[lxc-users] Is this expected isolcpus behaviour with lxc

Christian Brauner christian at brauner.io
Thu Jun 28 09:38:41 UTC 2018


On Thu, Jun 28, 2018 at 11:07:38AM +0530, Emmanuel Livingstone wrote:
> For now to overcome this issue, we've added a patch to an internal mirror
> of lxc debian repo https://anonscm.debian.org/git/pkg-lxc/lxc.git
> If you guys think adding a config parameter to not mask out the isolcpus in
> cpuset:/lxc would be welcome, please let me know. I can work on a patch and
> submit the same.

Hm, the main problem with this is that there's no nice way of adding a
config item that would allow one to configure this. Otherwise I'd be
fine with it.

> 
> On Wed, Jun 6, 2018 at 9:34 AM Emmanuel Livingstone <
> livingstone.s.e at gmail.com> wrote:
> 
> > Hi,
> >
> > We use lxc along with qemu/kvm in our boxes to provide containers and VMs.
> > We rely on isolcpus to ensure that the kernel scheduler by default does not
> > schedule OS processes on the cores that we've reserved for customer's
> > virtual instances(containers/VMs).
> > As per these 2 PRs(https://github.com/lxc/lxc/pull/1282,
> > https://github.com/lxc/lxc/pull/1309), cpuset.cpus inside cpuset:/lxc is
> > configured to have only those cpus that are not present in isolcpus. This
> > effectively means setting lxc.cgroup.cpuset.cpus for a lxc container to any
> > cpu that is part of isolcpus setting causes the container not to start.
> > This is because cpuset cgroup allows cpuset.cpus to be set to a value that
> > is a subset of the parent's value.

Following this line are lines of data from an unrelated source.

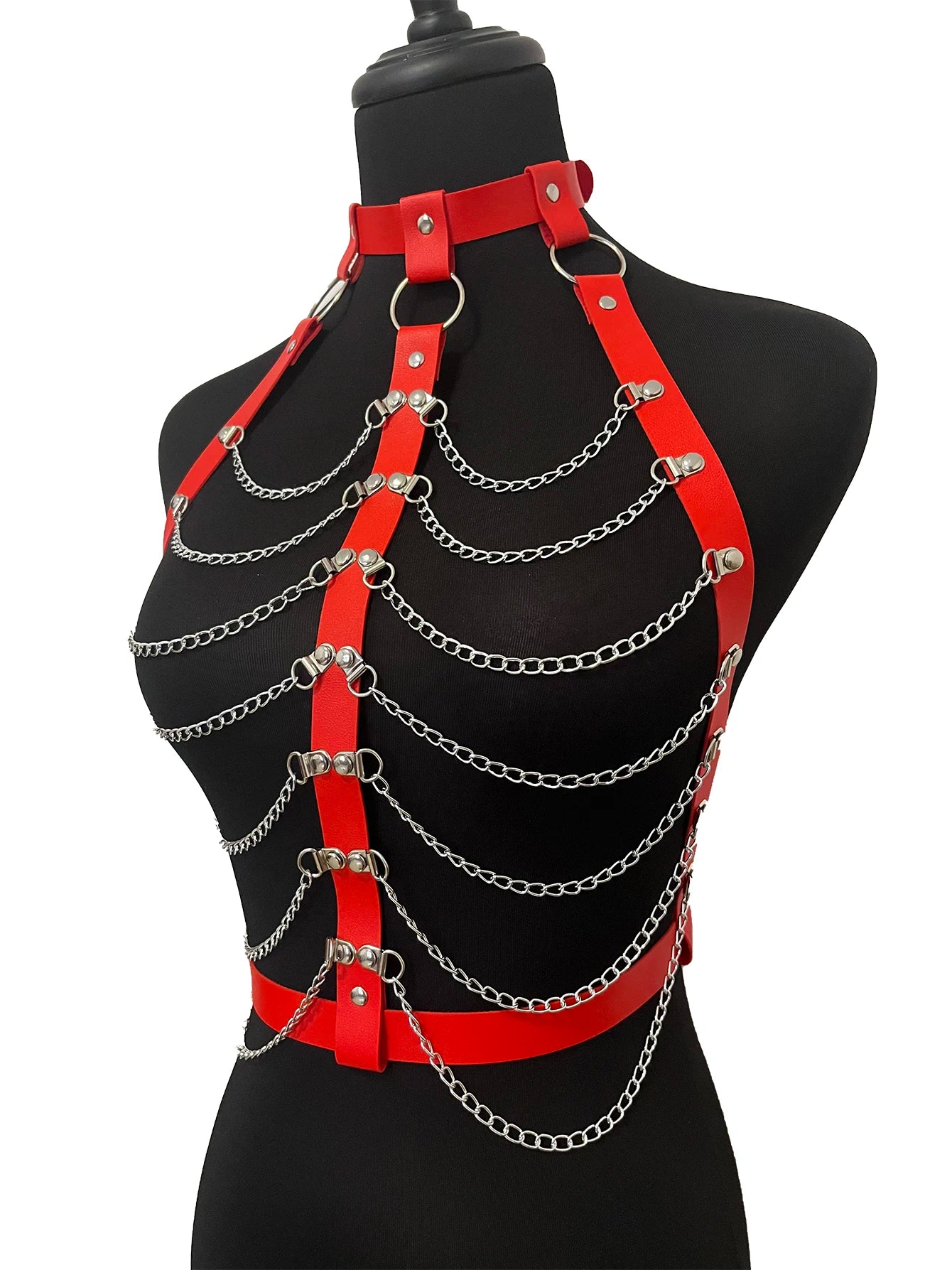 Women Punk Belt Fashion PU Leather Waist Belt Female Street Style Decoration Body Chain Belt Gothic Clothing Accessories
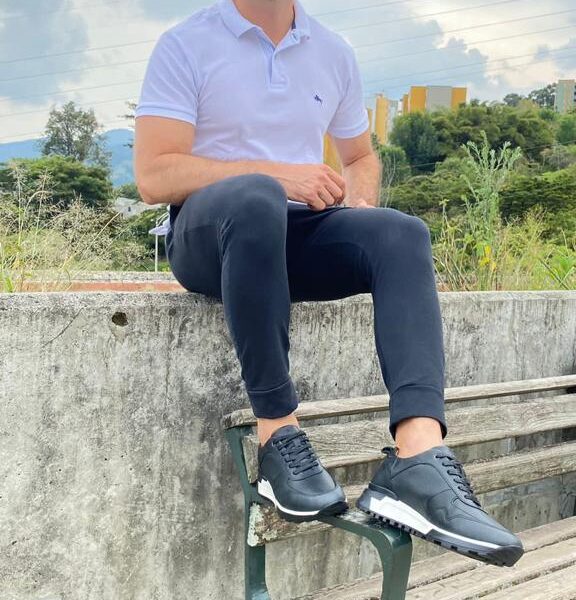 Zapatos en cuero para hombre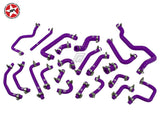 Ancillary Coolant & Breather Hose Kit - Stoney Racing - MR2 Rev 1 & 2 Turbo - Purple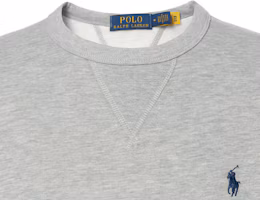 Details for Polo Ralph Lauren Crewneck Fleece Sweatshirt with Embroidered Logo - Gray. 710790783-005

Quoting from
> > https://www.kernel.org/doc/Documentation/cgroup-v1/cpusets.txt
> >
> > For any cpuset, one can define child cpusets containing a subset
> >    of the parents CPU and Memory Node resources.
> >
> > I've verified this behaviour
> >
> > root at fk-cloud-none-1080125:/home/iaas# cgcreate -g cpuset:/test
> > root at fk-cloud-none-1080125:/home/iaas# echo 0-1 >
> > /sys/fs/cgroup/cpuset/test/cpuset.cpus
> > root at fk-cloud-none-1080125:/home/iaas# cgcreate -g cpuset:/test/container
> > root at fk-cloud-none-1080125:/home/iaas# echo 0 >
> > /sys/fs/cgroup/cpuset/test/container/cpuset.cpus
> > root at fk-cloud-none-1080125:/home/iaas# echo 1 >
> > /sys/fs/cgroup/cpuset/test/container/cpuset.cpus
> > root at fk-cloud-none-1080125:/home/iaas# echo 2 >
> > /sys/fs/cgroup/cpuset/test/container/cpuset.cpus
> > bash: echo: write error: Permission denied
> >
> > In our case, we have 48 core boxes on which we reserve 4 cores for OS
> > processes and remaining 44 cores for customers virtual instances.
> > It was working fine for us until we upgraded from debian 8 to debian 9,
> > i.e., kernel 3.16 to 4.9. In kernel 3.16 even if isolcpus was enabled, the
> > file /sys/devices/system/cpu/isolated was missing and is available in 4.9
> > through this commit
> > https://github.com/torvalds/linux/commit/59f30abe94bff50636c8cad45207a01fdcb2ee49
> >
> > I had come across a recommended way of overcoming this issue in this
> > comment
> > <https://discuss.linuxcontainers.org/t/lxc-lxd-2-0-11-isolcpu-limits-cpu/1845/6>
> > by stgraber where he had recommended that all system processes should be
> > put inside a restricted cpuset cgroup and the remaining cores to be used
> > for scheduling by lxc/lxd using a script. Is there alternate way in systemd
> > to do this without writing an ad-hoc startup script.
> >
> > Also since we use both libvirt(qemu/kvm) and lxc(without libvirt), I was
> > wondering why the behaviour of isolcpus is different in both these cases.